Laissons ici la réalité de l’interconnexion des économies russes et ukrainiennes : fruit de l’histoire, elle est évidente, reconnue par les plus chauds partisans de l’Union européenne. L’étude réalisée par Sophie Lambroschini pour la Fondation Schuman (6) le montre. « Depuis l’arrivée de Viktor Ianoukovitch à la tête de l’Etat ukrainien en janvier 2010, les ambitions économiques russes en Ukraine se font sentir, aussi bien par des vecteurs institutionnels bilatéraux (accords de coopération et d’intégration) que par les investissements directs où la Russie arrive en quatrième position mais seraient en augmentation. Le marché russe représente le premier destinataire des exportations ukrainiennes.

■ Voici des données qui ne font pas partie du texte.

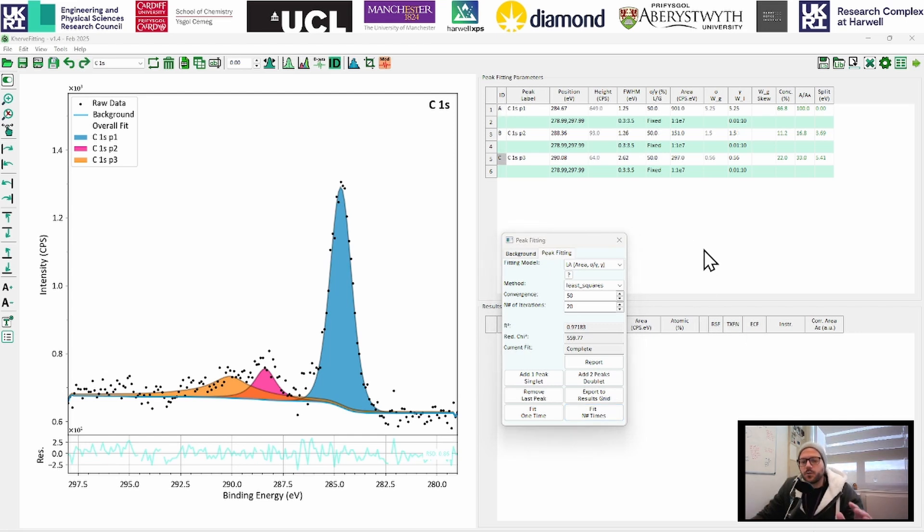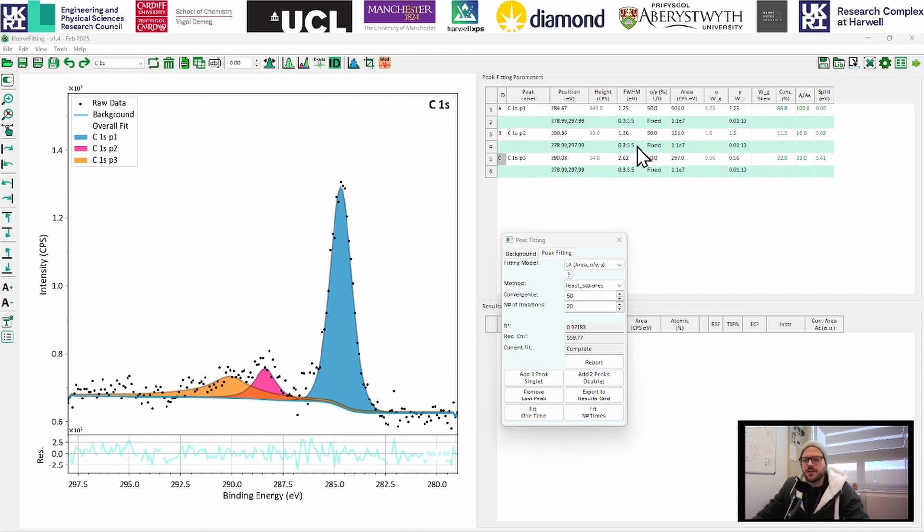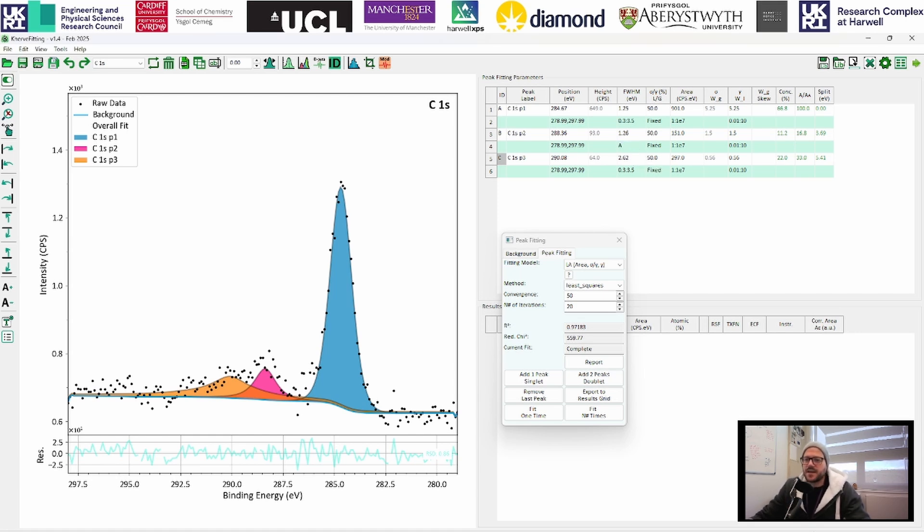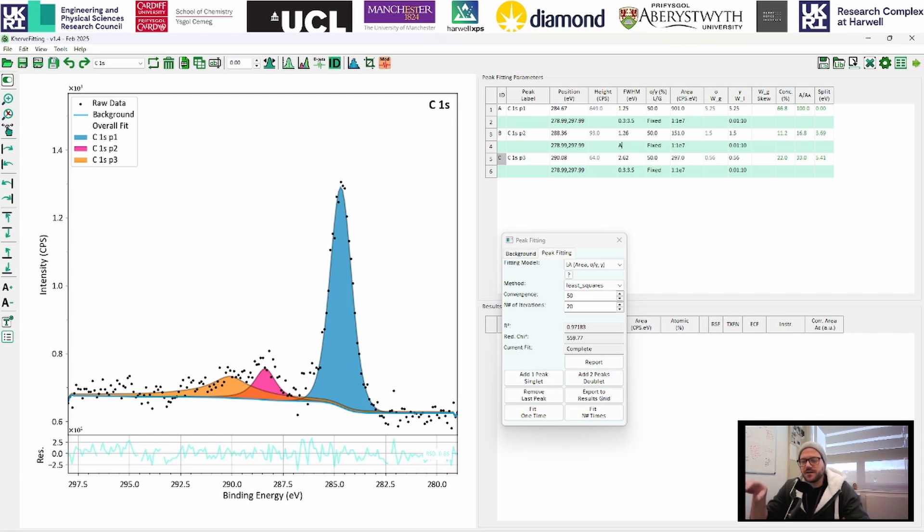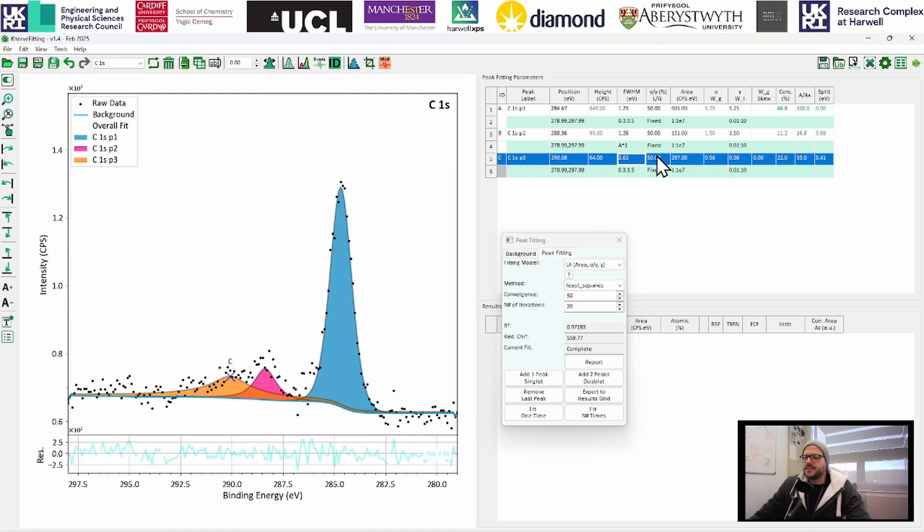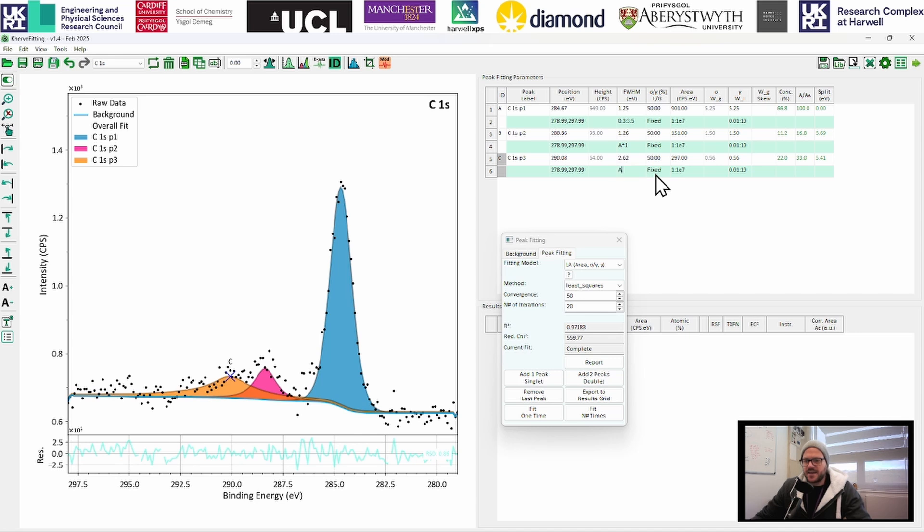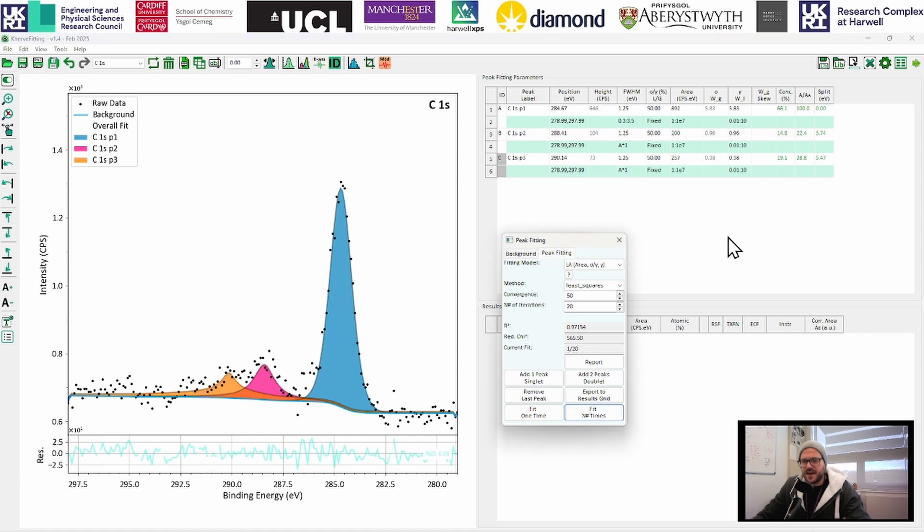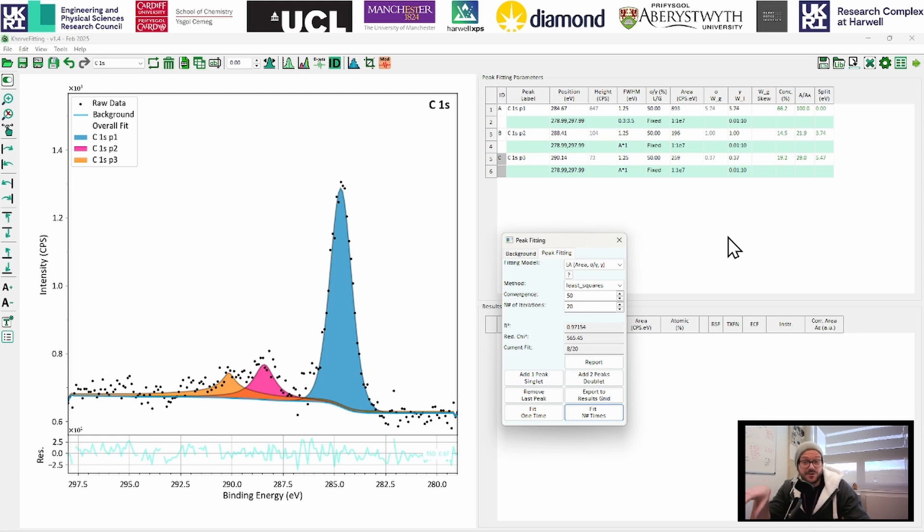So we have our initial peak model in. But of course, now we want to apply some of our constraints. So same as in CASA, same as in Avantage, we can lock some peaks together. So in the green rows, we have some of our constraint parameters. I'm just going to type A into the full width at half maximum constraint box here. And now everything should lock together. When we click fit again, now you can see all of the full width at half maximum set to 1.25. And it still looks a little bit odd. But we can work on those.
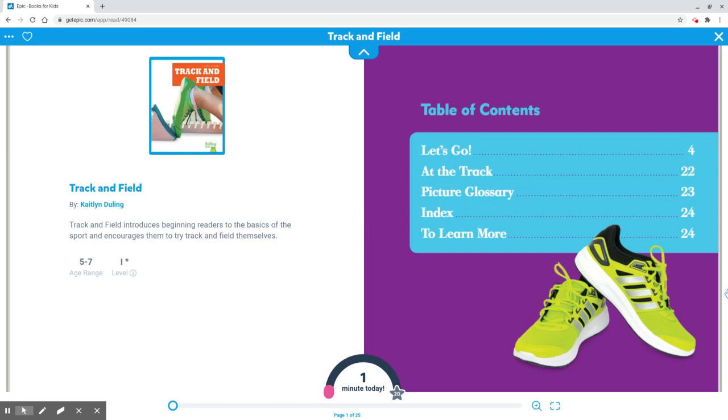Hello and welcome to my channel. Today we'll be reading a book called Track and Field by Caitlin Dilling.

L’Ukraine importe de Russie presque tout son gaz mais aussi ses produits pétroliers ». L’accord d’association avec l’UE intéresse donc certains « oligarques ukrainiens non pas pour des raisons commerciales – l’accession à l’OMC a suffisamment ouvert les marchés – mais comme un garde-fou » contre une omniprésence russe.
Cependant, ajoute Sophie Lambroschini, « certains industriels ukrainiens, notamment de la construction mécanique, très dépendants de leurs débouchés en Russie, s’y opposent ». Au-delà des questions gazières, l’imbrication des intérêts des deux pays est réelle, y compris dans le domaine financier (voir de plus « la dette de l’Etat ukrainien envers la banque d’Etat russe VTB »).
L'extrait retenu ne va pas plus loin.